Maker Faire gives professionals a chance to show off their passions
By day, Al Baum works as a mechanical engineer for a local company that builds attractions for theme parks.
But by night, the 53-year-old from east Orlando is a garage tinkerer.
He will be surrounded this weekend by 300 other hobbyists, robot builders and arcade game creators at the sixth annual Maker Faire Orlando.
The two-day festival at the Central Florida Fairgrounds is a showcase for creatives around town such as Baum, who works for Dynamic Attractions in south Orlando.
Baum is an inventor who builds machines fitted with tank-like tracks to transform standard chairs or standing platforms into all-terrain vehicles. He shares their blueprints online and shows them in action on his YouTube channel.
The idea is to expose others to projects that can be shared with family, he said.
“I want other people to build them as a hobby for several reasons,” he said. “It’s a good way to spend family time together.
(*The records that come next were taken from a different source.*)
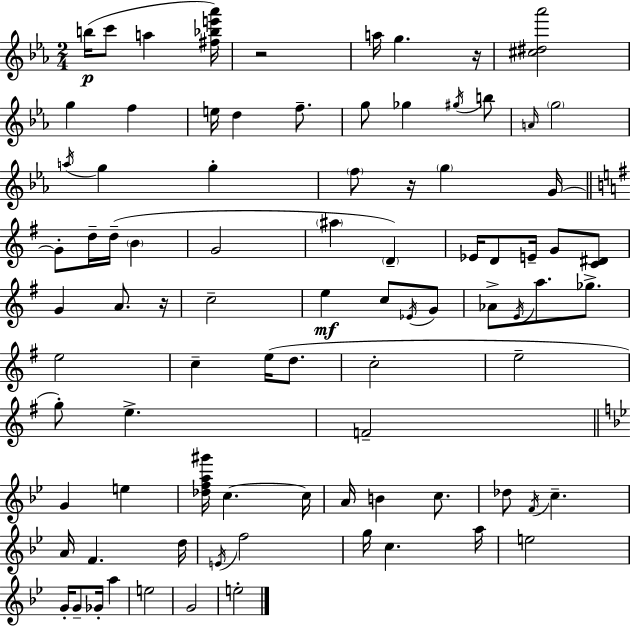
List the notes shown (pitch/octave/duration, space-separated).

B5/s C6/e A5/q [F#5,Bb5,E6,Ab6]/s R/h A5/s G5/q. R/s [C#5,D#5,Ab6]/h G5/q F5/q E5/s D5/q F5/e. G5/e Gb5/q G#5/s B5/e A4/s G5/h A5/s G5/q G5/q F5/e R/s G5/q G4/s G4/e D5/s D5/s B4/q G4/h A#5/q D4/q Eb4/s D4/e E4/s G4/e [C4,D#4]/e G4/q A4/e. R/s C5/h E5/q C5/e Eb4/s G4/e Ab4/e E4/s A5/e. Gb5/e. E5/h C5/q E5/s D5/e. C5/h E5/h G5/e E5/q. F4/h G4/q E5/q [Db5,F5,A5,G#6]/s C5/q. C5/s A4/s B4/q C5/e. Db5/e F4/s C5/q. A4/s F4/q. D5/s E4/s F5/h G5/s C5/q. A5/s E5/h G4/s G4/e Gb4/s A5/q E5/h G4/h E5/h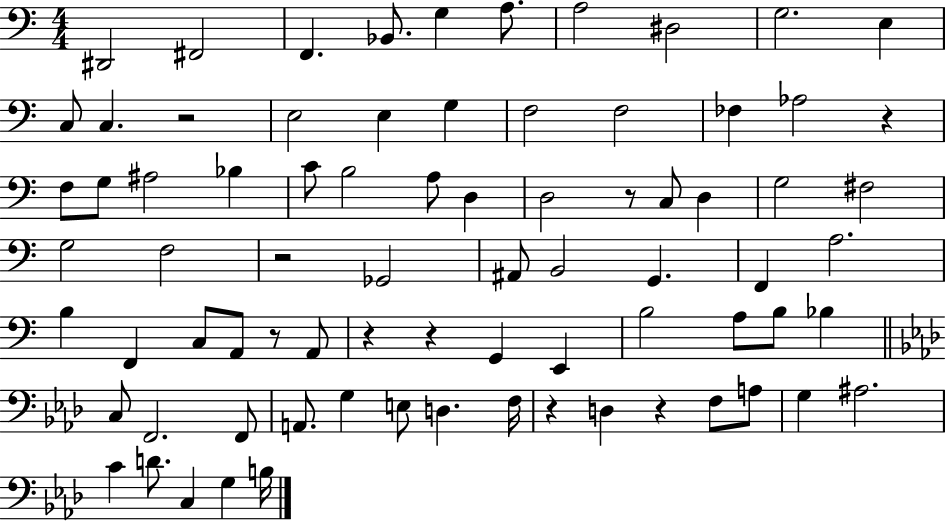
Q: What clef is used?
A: bass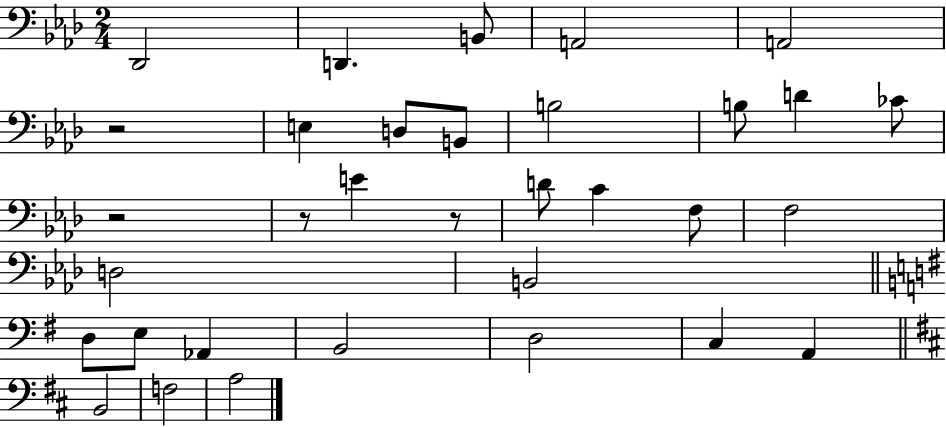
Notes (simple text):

Db2/h D2/q. B2/e A2/h A2/h R/h E3/q D3/e B2/e B3/h B3/e D4/q CES4/e R/h R/e E4/q R/e D4/e C4/q F3/e F3/h D3/h B2/h D3/e E3/e Ab2/q B2/h D3/h C3/q A2/q B2/h F3/h A3/h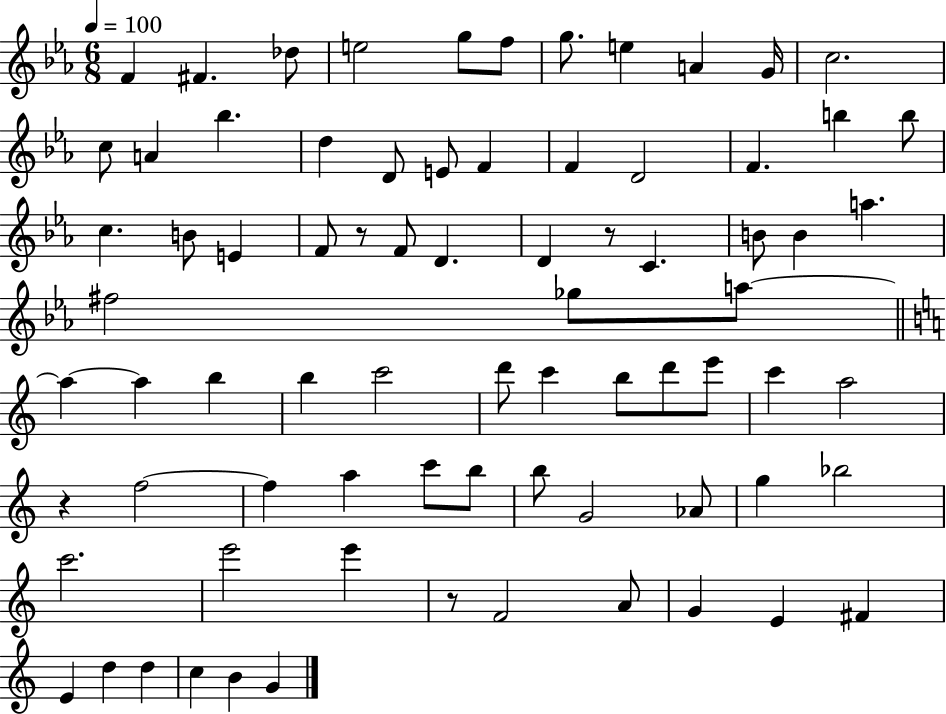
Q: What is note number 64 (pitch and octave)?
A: A4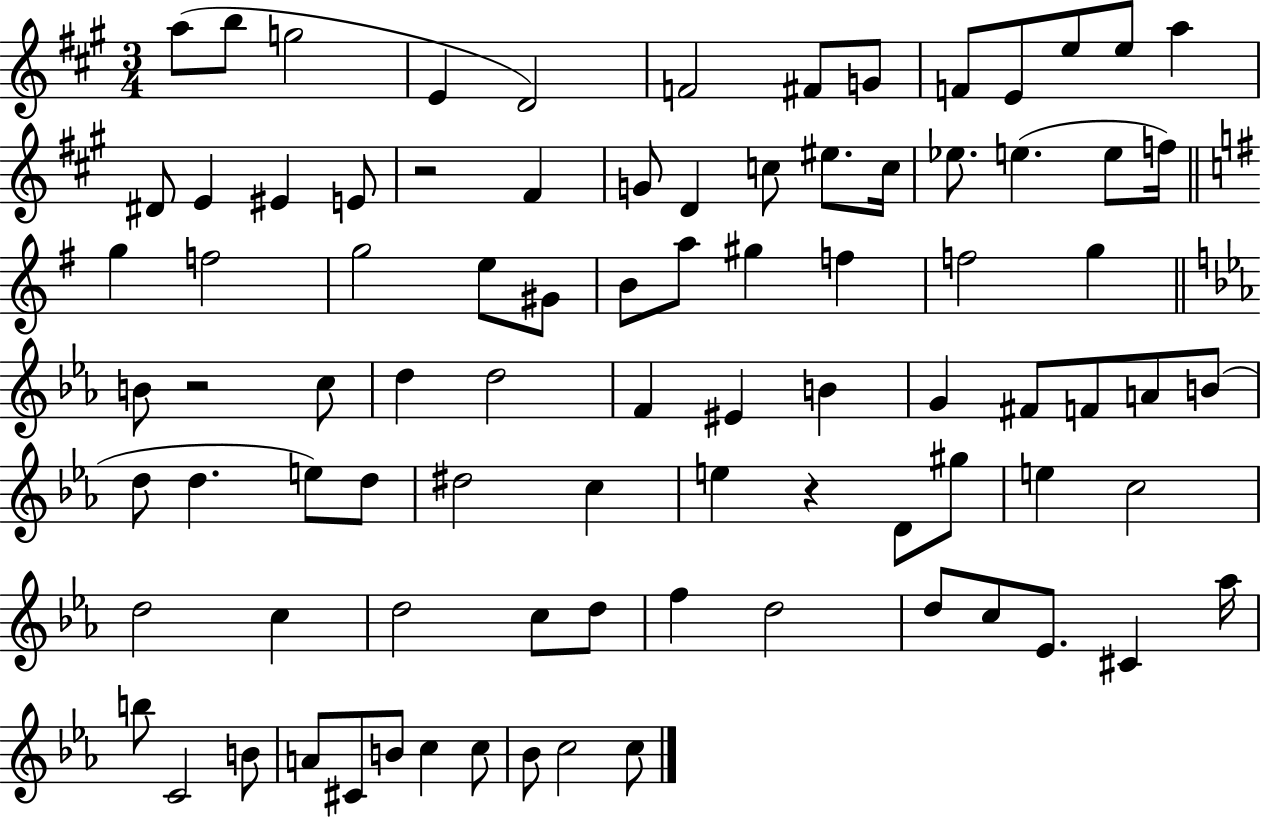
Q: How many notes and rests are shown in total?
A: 87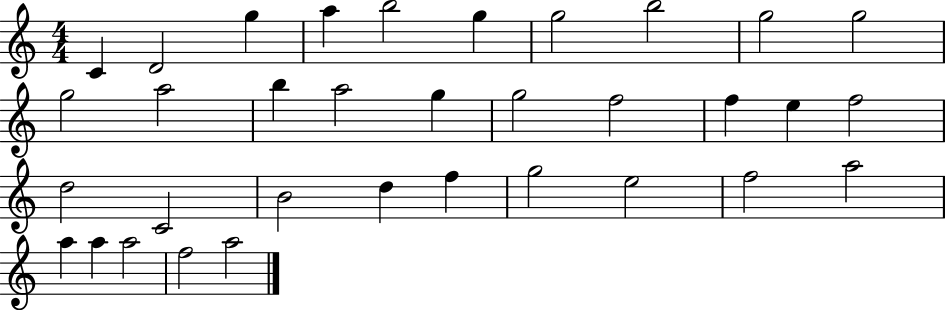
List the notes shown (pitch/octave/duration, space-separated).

C4/q D4/h G5/q A5/q B5/h G5/q G5/h B5/h G5/h G5/h G5/h A5/h B5/q A5/h G5/q G5/h F5/h F5/q E5/q F5/h D5/h C4/h B4/h D5/q F5/q G5/h E5/h F5/h A5/h A5/q A5/q A5/h F5/h A5/h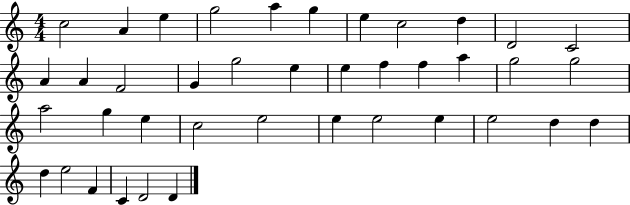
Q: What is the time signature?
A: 4/4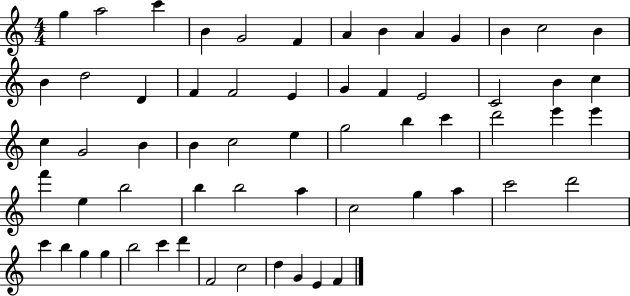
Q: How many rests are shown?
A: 0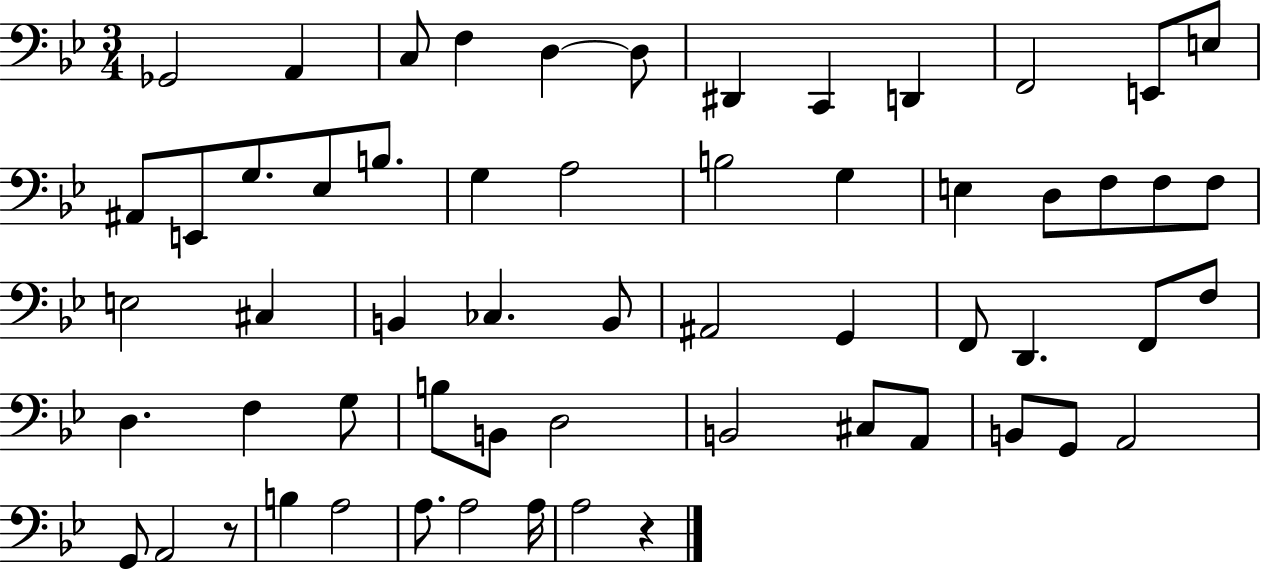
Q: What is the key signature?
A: BES major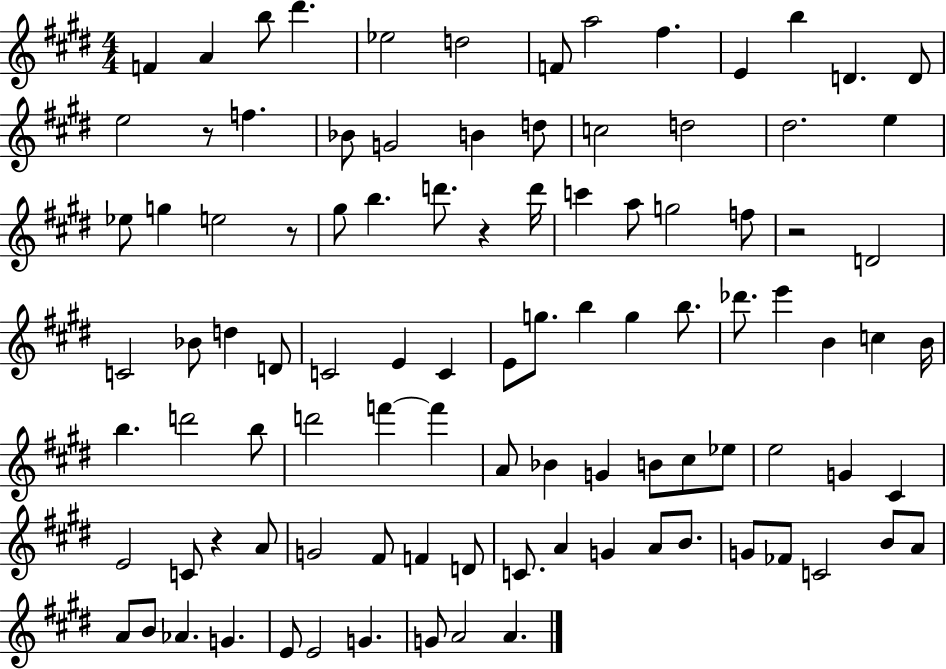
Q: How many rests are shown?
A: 5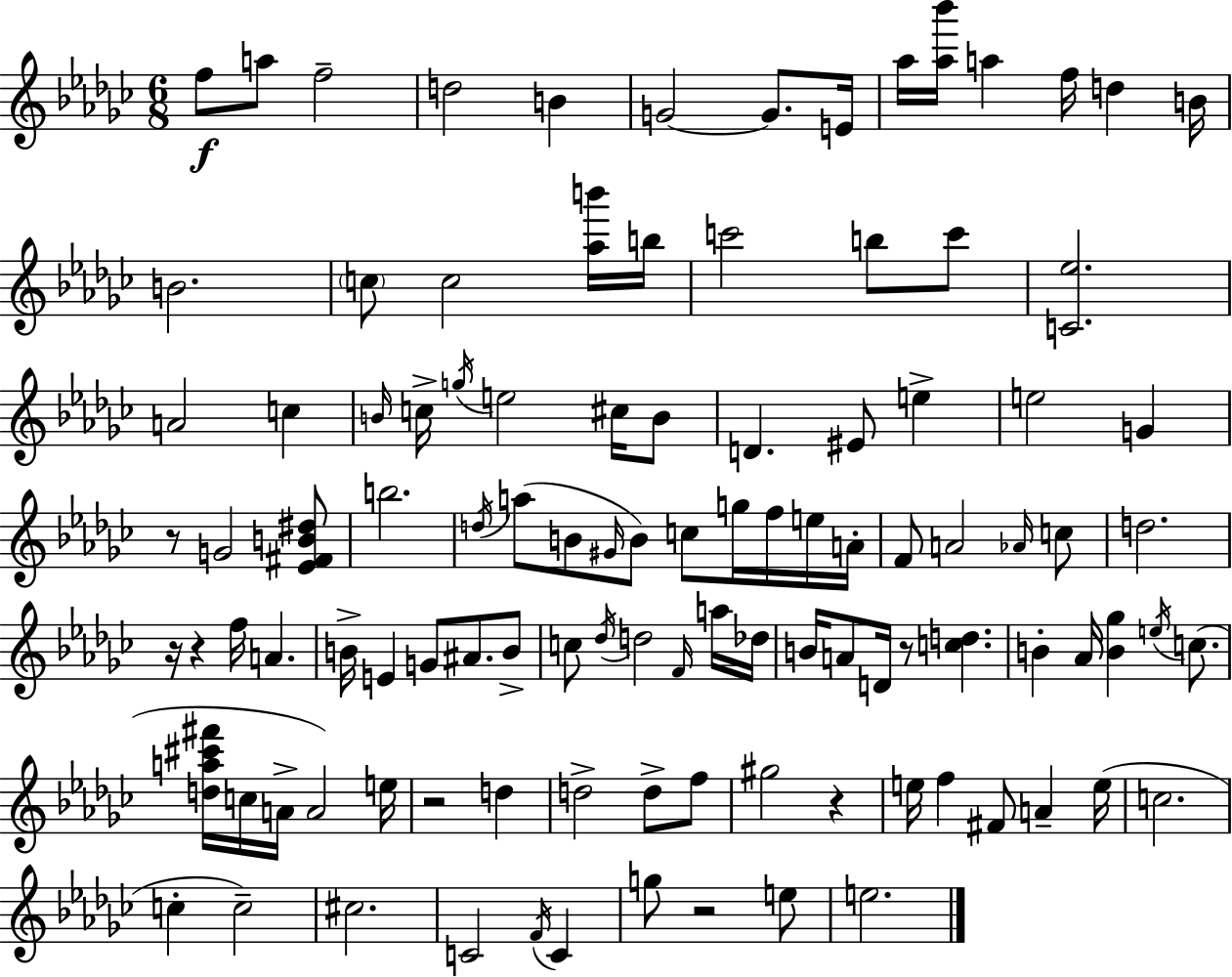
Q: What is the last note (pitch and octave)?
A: E5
I envision most of these projects are built as father-son, father-daughter projects or by scout troops.”
Baum has been posting the videos, some of which have drawn more than 3 million views, for more than 10 years.
His willingness to share his plans with others is common at the fair, organizers say.
“The majority are showcasing their passion projects, the things they do on nights and weekends,” said Candy Cole, president of the nonprofit Maker Effect Foundation. “They are here not only to show off their work but also tell people how they overcame obstacles along the way.”
It’s an attitude Cole says she has seen since the event started six years ago.